**WHAT TO DO:**
Across the entries below, how many lines contain the string "shower"? Give only the count.

***

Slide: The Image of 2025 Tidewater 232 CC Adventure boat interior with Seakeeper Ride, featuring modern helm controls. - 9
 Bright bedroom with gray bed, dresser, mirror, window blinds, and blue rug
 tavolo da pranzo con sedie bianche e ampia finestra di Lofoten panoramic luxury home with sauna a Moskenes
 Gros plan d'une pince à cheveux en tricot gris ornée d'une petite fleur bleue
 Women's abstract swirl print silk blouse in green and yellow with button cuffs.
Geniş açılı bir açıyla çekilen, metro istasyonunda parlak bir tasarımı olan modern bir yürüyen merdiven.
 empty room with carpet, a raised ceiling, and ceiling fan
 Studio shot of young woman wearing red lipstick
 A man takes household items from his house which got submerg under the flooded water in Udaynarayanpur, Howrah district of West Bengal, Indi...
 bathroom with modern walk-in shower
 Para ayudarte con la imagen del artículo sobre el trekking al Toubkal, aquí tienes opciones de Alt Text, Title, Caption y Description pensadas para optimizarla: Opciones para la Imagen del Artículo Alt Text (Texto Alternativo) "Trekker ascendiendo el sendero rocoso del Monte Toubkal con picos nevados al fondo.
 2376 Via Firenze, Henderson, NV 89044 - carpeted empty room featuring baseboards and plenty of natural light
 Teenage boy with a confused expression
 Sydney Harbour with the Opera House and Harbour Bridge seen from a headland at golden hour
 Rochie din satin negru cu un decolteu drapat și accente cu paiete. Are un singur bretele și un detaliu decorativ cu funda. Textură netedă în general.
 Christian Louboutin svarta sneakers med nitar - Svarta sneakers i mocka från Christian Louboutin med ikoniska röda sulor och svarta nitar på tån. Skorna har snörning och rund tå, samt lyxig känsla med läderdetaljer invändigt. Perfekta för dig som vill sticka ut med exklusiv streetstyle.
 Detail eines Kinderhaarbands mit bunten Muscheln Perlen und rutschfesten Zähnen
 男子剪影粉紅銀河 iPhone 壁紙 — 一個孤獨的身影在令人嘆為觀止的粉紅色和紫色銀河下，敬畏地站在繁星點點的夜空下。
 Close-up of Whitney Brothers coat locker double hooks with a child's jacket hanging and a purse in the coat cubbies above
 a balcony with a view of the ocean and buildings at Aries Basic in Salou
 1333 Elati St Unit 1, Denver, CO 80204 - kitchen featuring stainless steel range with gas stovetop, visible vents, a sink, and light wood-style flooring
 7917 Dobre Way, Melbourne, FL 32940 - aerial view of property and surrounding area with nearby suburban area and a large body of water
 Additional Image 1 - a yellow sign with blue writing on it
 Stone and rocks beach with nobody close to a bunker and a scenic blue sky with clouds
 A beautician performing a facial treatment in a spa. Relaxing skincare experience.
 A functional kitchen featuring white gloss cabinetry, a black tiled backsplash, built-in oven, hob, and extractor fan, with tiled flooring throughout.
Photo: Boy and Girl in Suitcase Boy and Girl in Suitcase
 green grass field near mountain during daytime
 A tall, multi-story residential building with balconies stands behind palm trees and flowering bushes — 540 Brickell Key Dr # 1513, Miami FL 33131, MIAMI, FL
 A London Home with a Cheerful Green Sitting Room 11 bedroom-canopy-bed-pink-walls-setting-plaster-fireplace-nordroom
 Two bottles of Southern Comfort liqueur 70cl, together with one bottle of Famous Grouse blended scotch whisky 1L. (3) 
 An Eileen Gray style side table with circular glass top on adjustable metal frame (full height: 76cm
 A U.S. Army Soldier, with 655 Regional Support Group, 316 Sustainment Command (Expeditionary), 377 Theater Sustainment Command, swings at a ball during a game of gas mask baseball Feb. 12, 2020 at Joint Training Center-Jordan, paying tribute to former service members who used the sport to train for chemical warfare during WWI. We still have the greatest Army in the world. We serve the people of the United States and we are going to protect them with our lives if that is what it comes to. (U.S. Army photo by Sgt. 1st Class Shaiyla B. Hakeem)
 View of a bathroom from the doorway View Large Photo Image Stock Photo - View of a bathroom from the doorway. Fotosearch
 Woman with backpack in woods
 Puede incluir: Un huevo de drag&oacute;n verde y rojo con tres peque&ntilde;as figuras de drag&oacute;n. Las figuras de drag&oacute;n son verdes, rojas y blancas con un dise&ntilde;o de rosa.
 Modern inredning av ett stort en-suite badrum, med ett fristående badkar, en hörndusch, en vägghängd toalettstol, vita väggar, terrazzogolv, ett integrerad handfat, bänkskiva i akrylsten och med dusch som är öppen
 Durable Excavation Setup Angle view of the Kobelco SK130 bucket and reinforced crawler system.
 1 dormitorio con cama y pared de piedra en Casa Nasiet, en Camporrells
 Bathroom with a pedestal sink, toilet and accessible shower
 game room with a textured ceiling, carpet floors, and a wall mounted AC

***

**OUTPUT:**
2